Built between 1927 and 1929 by Harry Bralove and Edward C. Ernst, The Broadmoor was one of Connecticut Avenue’s first luxury rental apartment buildings, and remains among the most distinguished residences in the Nation’s capital today. It was designed by notable Washington apartment house architect Joseph H. Abel, a proponent of the “International” style, and was the first luxury residence on Connecticut Avenue north of Rock Creek.
An early brochure described the Broadmoor as the “home of prominent business executives, senators, representatives, Army and Navy officers, and of a select cross-section of official Washington.” Its public facilities – most notably the dining room, known prior to 1938 as the “Silver Grill” – became a popular site for wedding receptions, school proms and other large social functions. Amenities included a beauty shop, a barber shop, a pastry shop, a valet and laundry service, a newsstand, elevator operators, round-the-clock switchboard operators and one of the first underground garages in any Washington apartment building.
Since 1948, the Broadmoor has been a functioning residential cooperative, a Delaware corporation located on approximately five acres of land that it owns. It was the first Washington cooperative to be organized on a membership, rather than a stock-ownership, basis. Unlike many other cooperatives and condominiums, it is self-managed, and does not employ an outside management company.
The L-shaped building is approached through brick entrance gate posts by a brick sidewalk laid in herringbone pattern alongside a curvilinear brick wall and is characterized by projecting towers and bays leading to a brick porte-cochere. The decorative elements are of Indiana limestone and vary from hand-carved heraldic tower accents to applied decorative balconies with limestone cross motifs.
The foyer and lobby areas contain an interesting mixture of different elements from different periods. The lobby, originally Tudor in style, was later changed to Art Deco in a substantial remodeling job undertaken in 1938-1939 . Fluted columns and recessed dome ceilings were added, as were Art Deco motifs, which can still be seen in the door and the wainscoting. During World War II, when housing in Washington was scarce, rooms and baths were built on the ground floor of each wing of the building, and alcoves near the elevators were closed in to create additional rooms. There are 194 apartments in the building, which vary greatly in size and layout. There are also five guest rooms for use by guests of Broadmoor residents.

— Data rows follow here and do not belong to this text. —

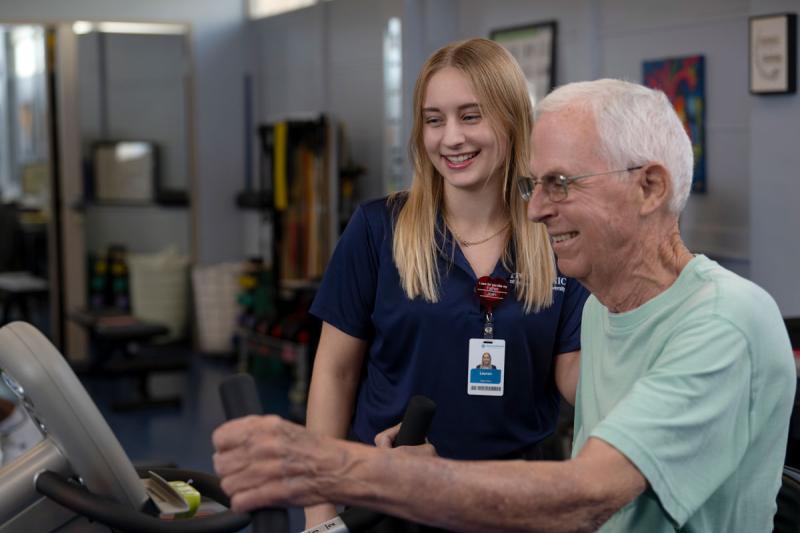 image of occupational therapy assistant student assisting geriatric patient on exercise machine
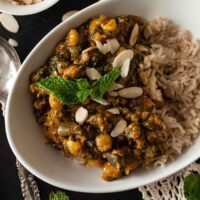 A bowl of curry, turkey butternut squash on a table with a lace table cloth, a bowl of shaved almonds and a few mint leaves.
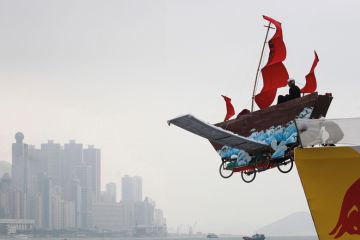 A participant sits in his structure that features a traditional Chinese fishing boat at the Red Bull Flugtag (flight day) competition on a cloudy day in Hong Kong to illustrate Opaque investigation fails to clear clouds over HKU council
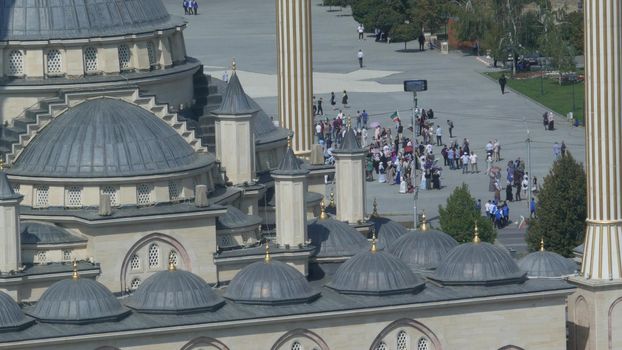 GROZNY, THE CHECHEN REPUBLIC OF ICHKERIA, CAUCASUS, RUSSIA - 6 SEPTEMBER 2019: Day of Civil Concord and Unity celebration in capital near The Heart of Chechnya. People on square near islamic mosque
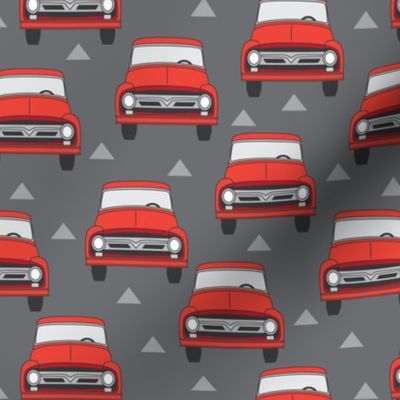vintage red trucks on charcoal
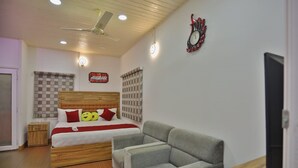 A bedroom with a bed, a grey sofa, a wooden nightstand, a TV, and a ceiling fan. - The Svarga Hill View Resort (Devikolam)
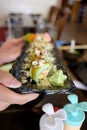 In selective focus a row of avocado roll sushi in a black tray Royalty Free Stock Photo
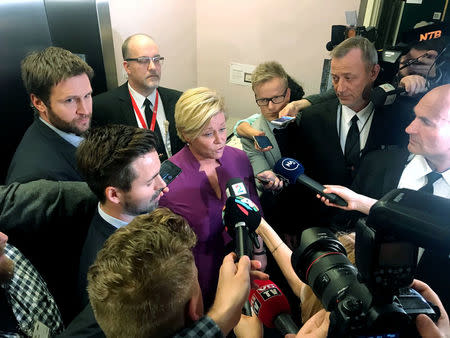 Norwegian Finance Minister Siv Jensen, leader of the rightwing Progress Party, speaks to media at the Norwegian Parliament in Oslo, Norway March 19, 2018. REUTERS/Joachim Dagenborg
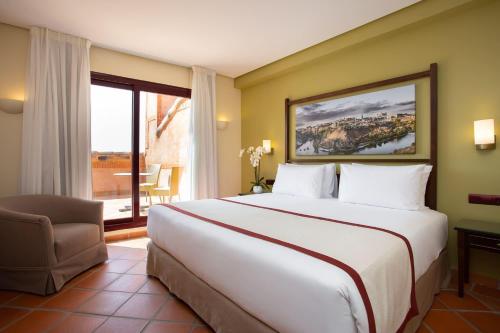 a hotel room with a large bed and a window at Exe Layos Golf in Layos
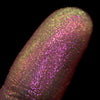 Nahaufnahme einer Fingerspitze, die in den Opal Multichrome Loose Eyeshadow Cozy getaucht wurde und gelb-grün und pink-lila glitzert.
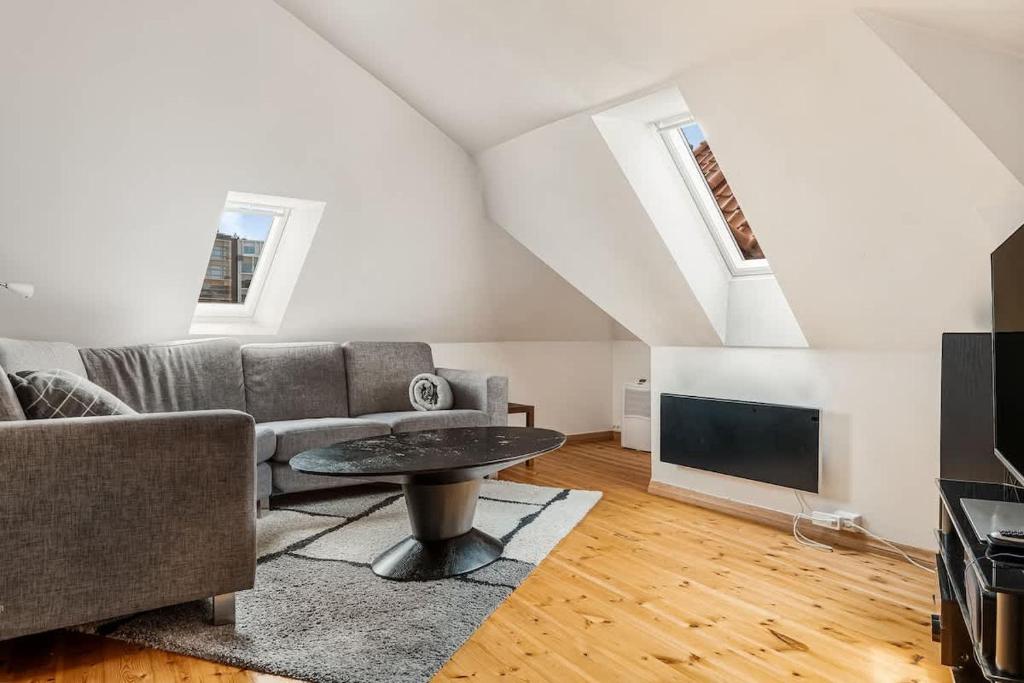 a living room with a couch and a tv at Dinbnb Apartments I Historical Two-Floor Apartment with Rooftop Panorama I 1645 Heritage in Bergen
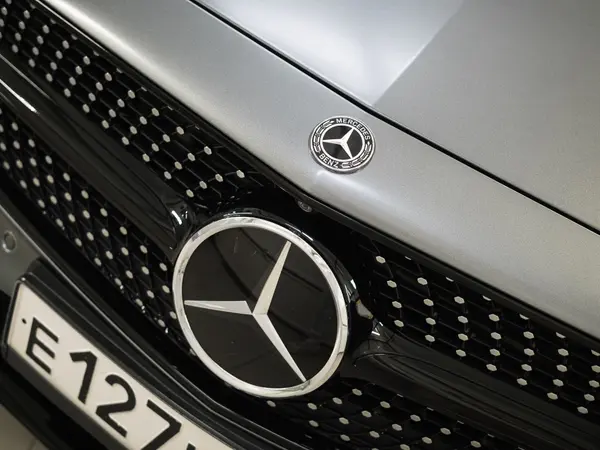 Эмблема Mercedes-Benz на решётке радиатора серебристого автомобиля после полировки царапин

Every year, cooperative owners elect a Board of Directors with the legal responsibility for management of the corporate assets. Each unit owner is entitled to an equal vote, despite the widely varying assigned capital values of their units. The Board is charged with providing good management, maintaining the property in good repair and keeping the corporation financially sound. It also fixes the rate of assessment and the charges for various services. The Board is accountable to the membership and is required by law to meet the statutory and contractual obligations of the corporation. Governing documents provide the framework for the operation of the cooperative and form, in essence, a representative democracy.